Gold Coast should demand attention. Written by Louise Gooding, who has experience as a Radio 4 playwright, and with the award-winning (and sold out) Theatre 503 as the setting, this play sets high expectations. Sadly, despite a compelling subject matter – the trickle down effects of both Gulf Wars – it doesn’t quite hit the mark.

Joe and Roz – played by Tommy Burgess and Olivia Bromley – are a happy couple who have just started a family, until their lives are changed beyond recognition by Joe’s experience as a soldier in Iraq. Joe returns scarred by PTSD, just as his father who had served in the same region years before, and the picture-perfect setting unravels.

It’s a simple, but powerful tale, that should be politically charged, but as the play goes on, the writing tries to feed in too many supporting stories – such as snogging therapists in Iraq (Josephine Rogers and Jeremy Drakes), and Roz and their now 13-year-old daughter Lisa’s move to Australia. Although this leads to one of the best moments of direction where Joe and Lisa communicate from two sides of the same table over Skype.

Tommy Burgess is Gold Coast’s saviour. His performance as the tortured Joe, balances guilt and innocence, love and self-loathing, fear and strength. It is one of those rare moments where the actor ceases to be himself, and the audience is transfixed in suspended belief.

Sadly, the others, while offering glimmers of talent are overshadowed by Burgess. Bromley is a slightly stilted Roz. While she captures something of the pain of having her life put on hold by her PTSD-suffering husband, that genuine fire is missing. That said she is far more impressive when she jumps forward to playing the role of their daughter, Lisa. Here, Bromley seems to feel more comfortable and this is reflected by the chuckles that emanate, on cue, from the audience.
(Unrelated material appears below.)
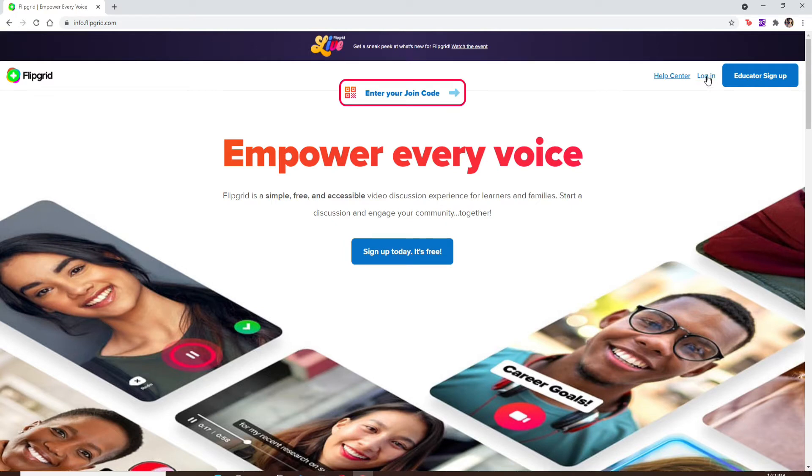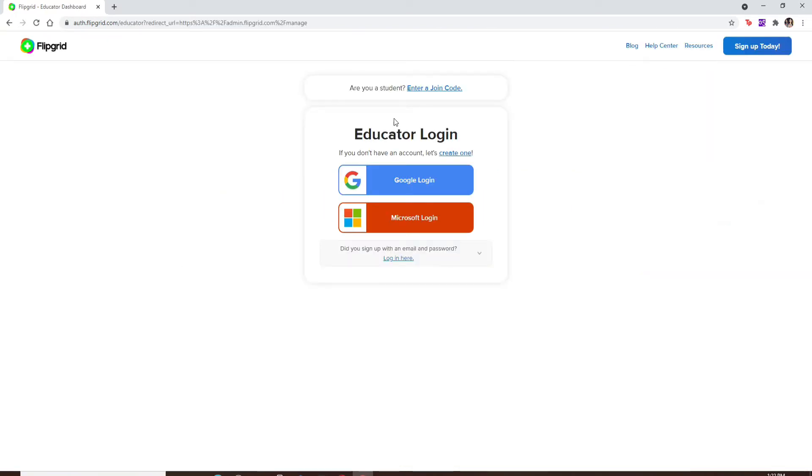You'll end up in the login area of Flipgrid. Now in order to login, you can either login using your Google account or your Microsoft account. It depends on how you chose to sign up for your Flipgrid account.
It must be mentioned that Rogers shows great promise (and a craic-ing Irish accent) as Simone, the eccentric therapist-cum-sex-healer, but frankly it is a plot distraction that perhaps we can do without. The question of sex, whether it be with Joe’s therapist, the impotence he experiences when he comes back from war, or even the scene which suggests Joe was groomed by a paedophile after his father’s death, is pertinent, but despite a myriad of references, it is never properly tackled and becomes too diluted to have real impact.

Gold Coast is by no means bad, but you leave feeling slightly confused. This is Joe’s story, yet despite a remarkable performance from Tommy Burgess, the surrounding fanfare and gimmick become too much of a distraction.

Gold Coast is playing at Theatre 503 until 17 February 2018.